El poder, la capacidad de chantaje permanente y la carta blanca que la UE entregó a Turquía con el Acuerdo de la Vergüenza, conoció recientemente una vuelta de tuerca cuando Ankara volvió a utilizar a las y los migrantes para extorsionar a la UE y para que esta tomara partido en su particular enfrentamiento geopolítico en Siria. La diferencia con lo que venía ocurriendo estos años atrás es que, esta vez, Erdoğan ha cumplido su amenaza de dejar de ejercer de gendarme migratorio. Y la llegada de miles de personas a las fronteras griegas (y en menor medida búlgaras) está siendo respondido por Atenas con una combinación inédita de xenofobia, fortalecimiento de todas las políticas securitarias y suspensión de derechos fundamentales como el del asilo.
Una política de vulneración de derechos defendida con un lenguaje belicista por el primer ministro griego de Nueva Democracia, Kyriakos Mitsotakis, que afirmaba: “nosotros protegeremos la soberanía de nuestro país, haciendo un servicio a las fronteras exteriores de la UE.” Acciones y declaraciones respaldadas por la presidenta de la Comisión Europea, Ursula Von der Leyen, que desde la frontera de Évros dio las gracias a Grecia por ser la “aspida (escudo) europea en estos momentos”, mientras que mantenía silencio sobre la inaudita suspensión del derecho de asilo en este país.
Hoy la criminalización y vulneración de los derechos de la población migrante no es solo producto de una extrema derecha en auge o de unos cuantos políticos irresponsables, sino la consecuencia de políticas concretas de la UE y de sus gobiernos quienes, con guante blanco y de forma consciente y planificada, llevan años ejerciendo una xenofobia institucional que persigue una degradación de la protección jurídica y social del migrante y, en última instancia, de su propia condición humana. Una política que, según todos los indicios, va a reafirmarse con el tan esperado y temido Pacto de Migración y Asilo, que propone y defiende la detención, deportación y externalización como indicadores en positivo de las futuras políticas en este terreno, y que prácticamente abandona cualquier objetivo sobre el establecimiento de un reparto solidario de personas a nivel de Estados miembro.
El “populismo de las vallas” recorre el mundo y en la UE funciona como un potente instrumento simbólico a la hora de construir un imaginario de exclusión entre la “comunidad” y los “extranjeros”, tan antiguo como recurrente en la historia.
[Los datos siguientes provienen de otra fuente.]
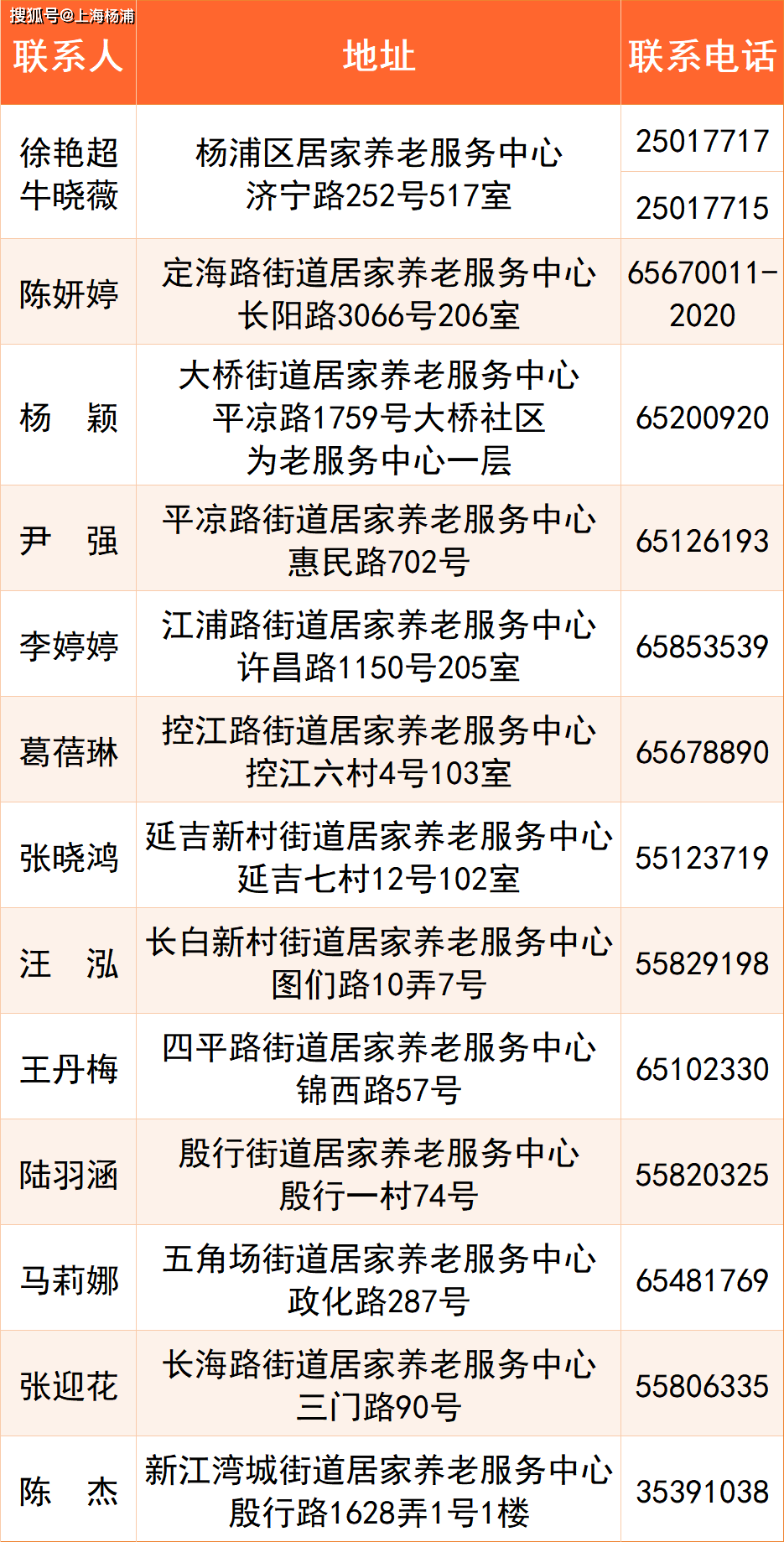 北京陪诊服务公司	北京陪诊收费价格表顺义区贩子联系方式「找对人就有号」的简单介绍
Porque los muros no se construyen solo con cemento y concertinas, sino sobre el miedo al otro, a lo desconocido, contribuyendo a agrandar así la brecha entre ellos y nosotros. Desde la llegada en julio pasado de Nueva Democracia (ND) al gobierno griego, asistimos a una política consciente de estigmatización y degradación de las condiciones de vida de la población migrante y/o demandante de asilo. Favoreciendo así un caldo de cultivo para el ascenso y normalización de una política xenófoba que ha encontrado en la isla de Lesbos un laboratorio ideal. Solo así podemos entender los ataques organizados por paramilitares en las últimas semanas contra activistas y ONGs en Lesbos, permitidos o directamente amparados por Atenas; o la defensa por parte de una sección de la izquierda de una supuesta cruzada en defensa de la nación.
En el cuarto aniversario del Acuerdo de la Vergüenza con Turquía, asistimos en las fronteras y en el cuerpo de quienes intentan llegar a Europa, a una degradación de una crisis de derechos que no solo afecta a personas refugiadas y migrantes, sino a todas y todos nosotros. Una crisis que nos plantea una pregunta clave en nuestro tiempo: ¿quién tiene hoy derecho a tener derechos en Europa? Cómo respondamos a esa pregunta determinará gran parte del futuro. Empecemos al menos por plantearla y colocarla en el lugar central que merece. Porque fijar el campo de batalla es el primer paso para dar la pelea.